The question that the ANC must confront is how long it can keep Ramaphosa as President of the party and the country.
Those wishing that Ramaphosa must step down had better think again because he will not, or rather cannot, do so now.
Ramaphosa has to stay at the helm at least until the ANC’s electoral conference in December 2027 and certainly past the Local Government Elections late next year or early the year after.
He will argue that he remains the ANC’s best option to front the campaign as he is popular with voters, not just ANC members.
As the sociologist Johny Steinberg has noted, Ramaphosa looks like a President who “wishes his tenure was at an end”.
His wife, a First Lady of grace with no public activity or profile, probably wishes they could pack it all in and enjoy their wealth on one of their many properties, although probably not Phala Phala, now tainted with scandal.
The reports that Ramaphosa sought to resign over the money in stuffed sofas saga, but was talked out of it by associates, have never been refuted and seem true.
But Ramaphosa has to see through the GNU project, if not to its end, then as close as possible.
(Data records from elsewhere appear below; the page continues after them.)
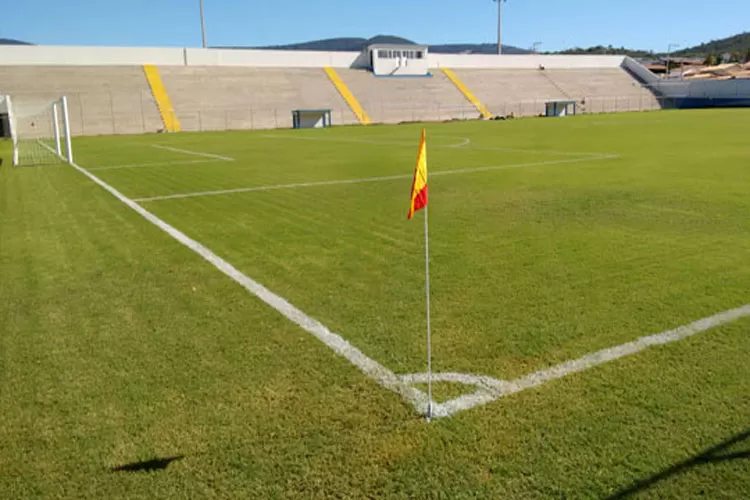 Prefeitura cancela Campeonato Brumadense de Futebol 2023 visando reforma do estádio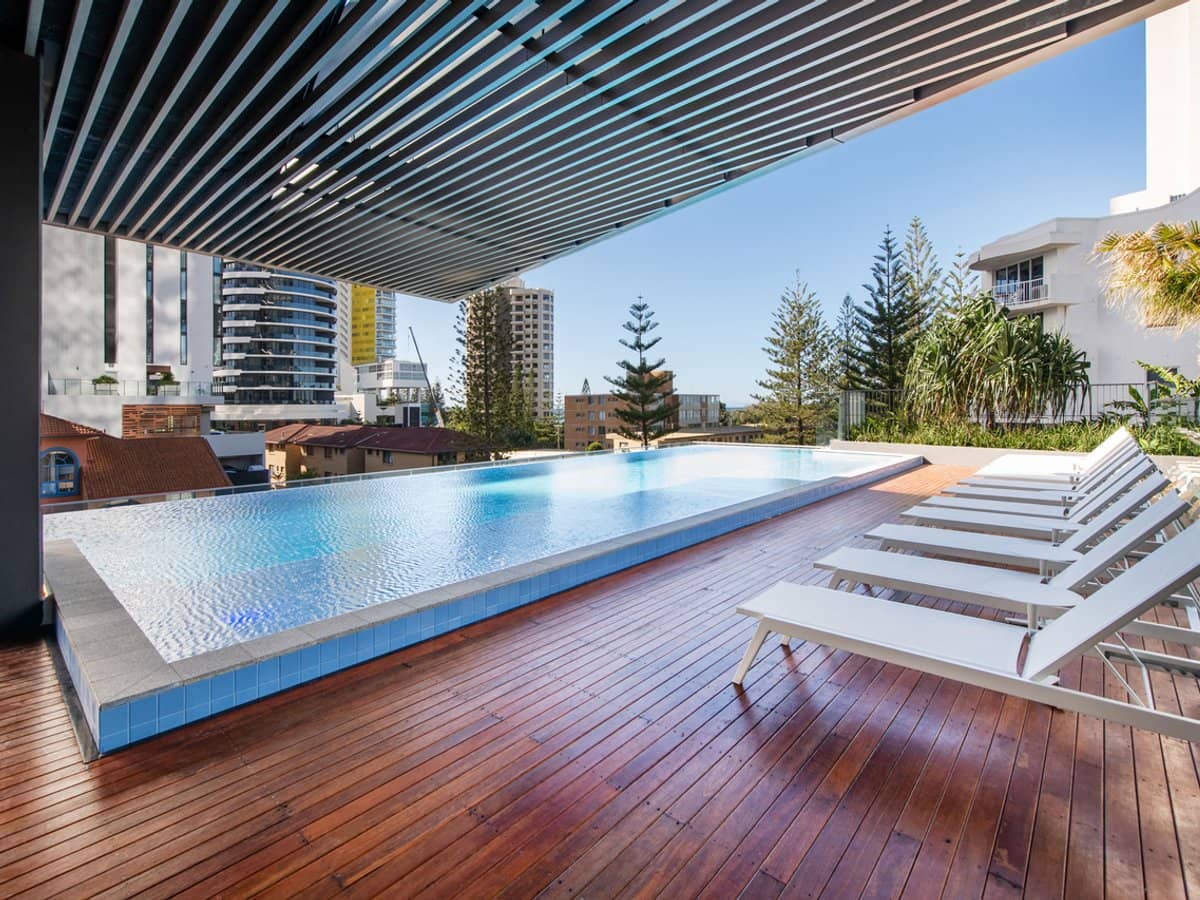 12 Philip Avenue, Broadbeach - Thumbnail 25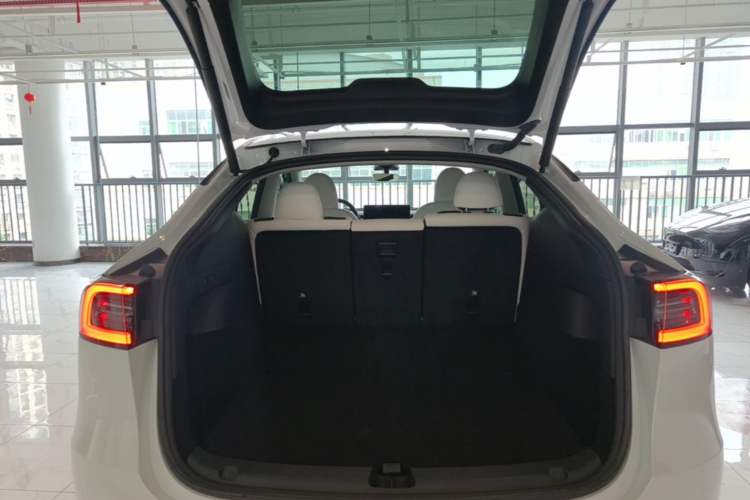 Used Tesla Model Y 2022 Long-Range All-Wheel-Drive Version Trunk
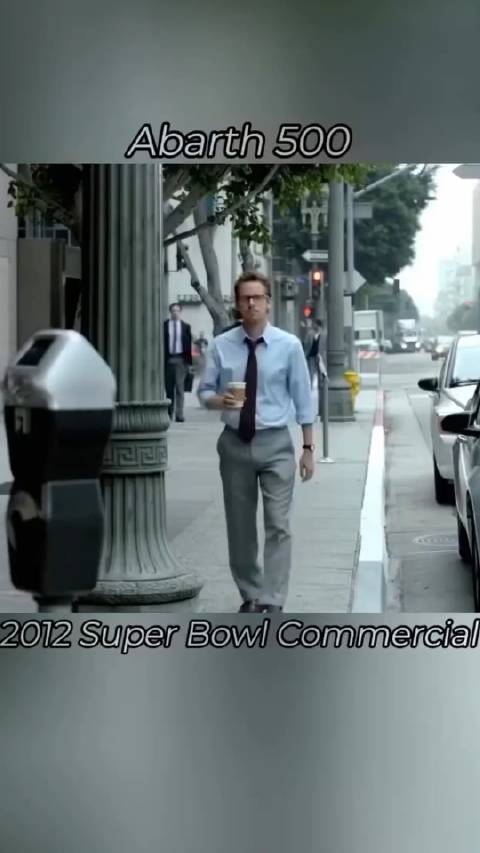 给菲亚特Abarth 500 2012年超级碗中场秀广告的意大利语部分加了字幕…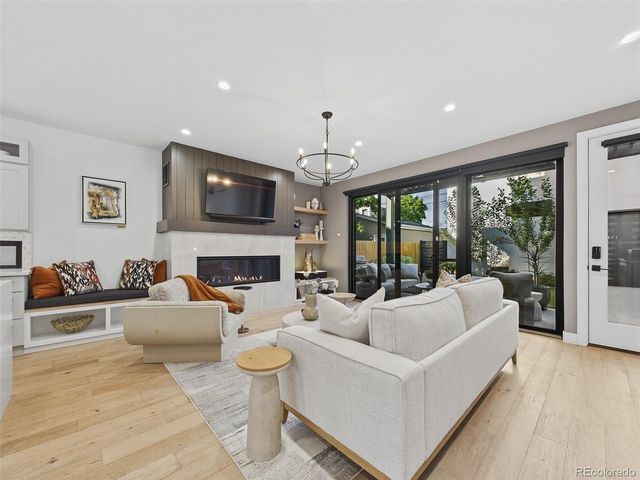 1286 S Pennsylvania St, Denver, CO 80210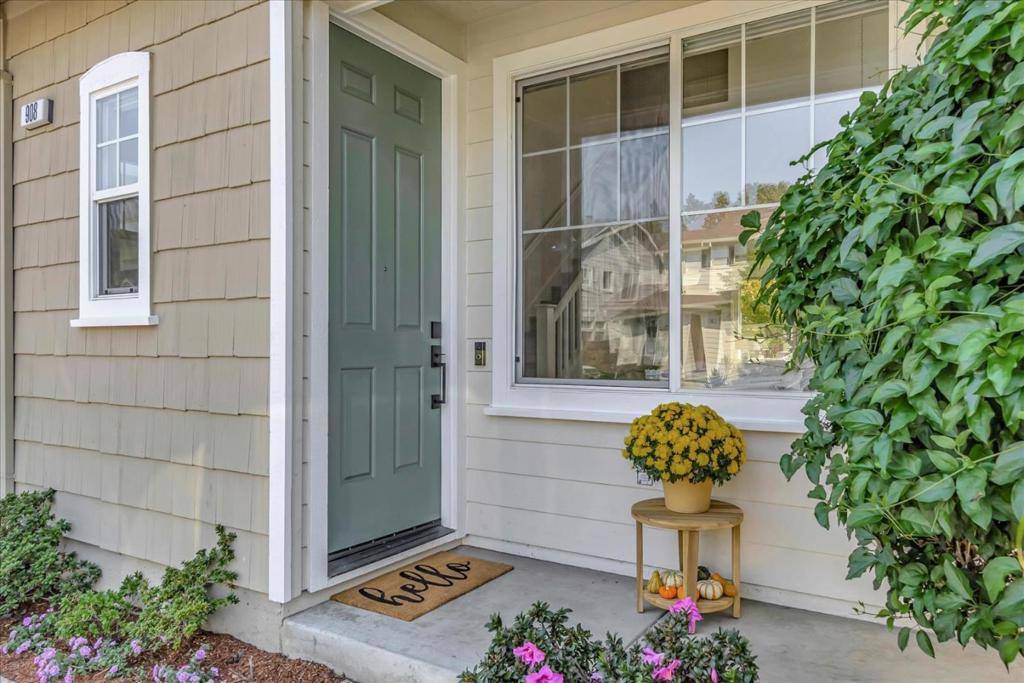 East Palo Alto, CA 94303,908 Oakes ST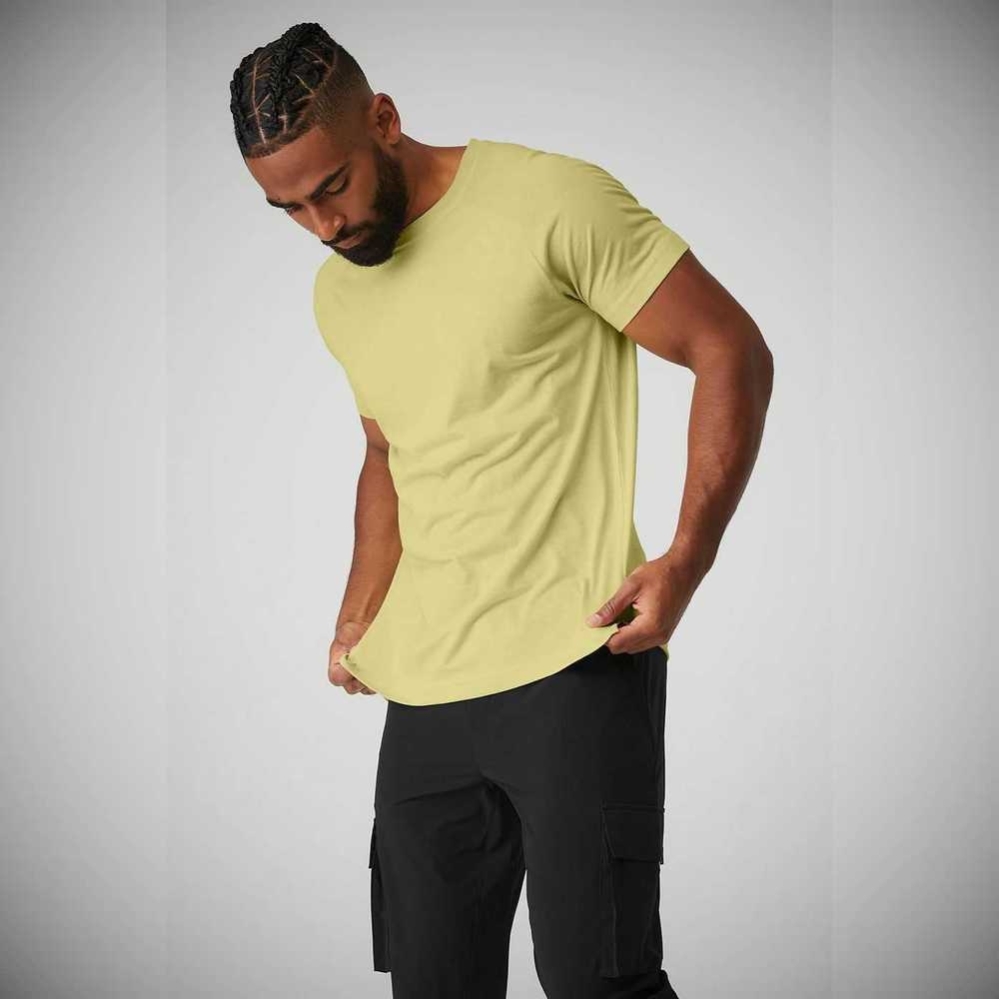 Short Sleeve Alo Yoga The Triumph Crew Neck Tee Hombre Grises Amarillos | MX-70WTUY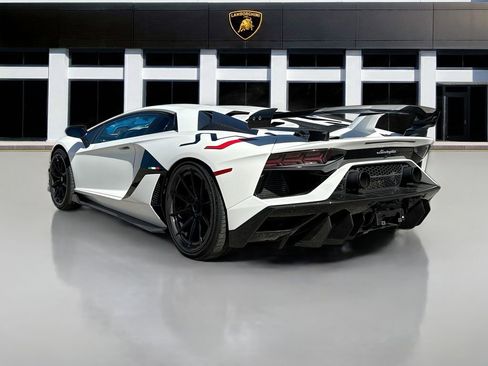 Used 2019 Lamborghini Aventador SVJ image 45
If he loses control of the 2027 elective conference outcome, it could signal the party’s collapse.
But if he prevails, either he or his anointed successor—now thought to include National Assembly speaker Thoko Didiza—will lead the coalition into the 2029 elections.
Should an ANC faction succeed in ousting Ramaphosa as early as this NGC, markets will withdraw their support and funds, the rand will weaken, inflation will go up, as will interest rates, jobs will evaporate, and the mood will turn sour quickly, tossing the ANC out of power firmly and probably for good.
ANC General Secretary Fikile Mbalula has done everything in his power to keep a lid on proceedings this week, stressing that there is no room to discuss leadership changes.
But Mbalula must recognise that he cannot sit over a simmering pot forever.
If delegates want succession debated, they can move it from the corners to the Conference floor.
He would do well to remember that at the 2005 NGC, one delegate—the late Police Minister and ambassador to France Nathi Mthethwa—raised his hand to defeat a motion that sought to freeze Jacob Zuma out as party deputy president, changing the course of the party—and South Africa’s—recent history.
For now, Ramaphosa, Mbalula, and their supporters can thank the economy for keeping them afloat.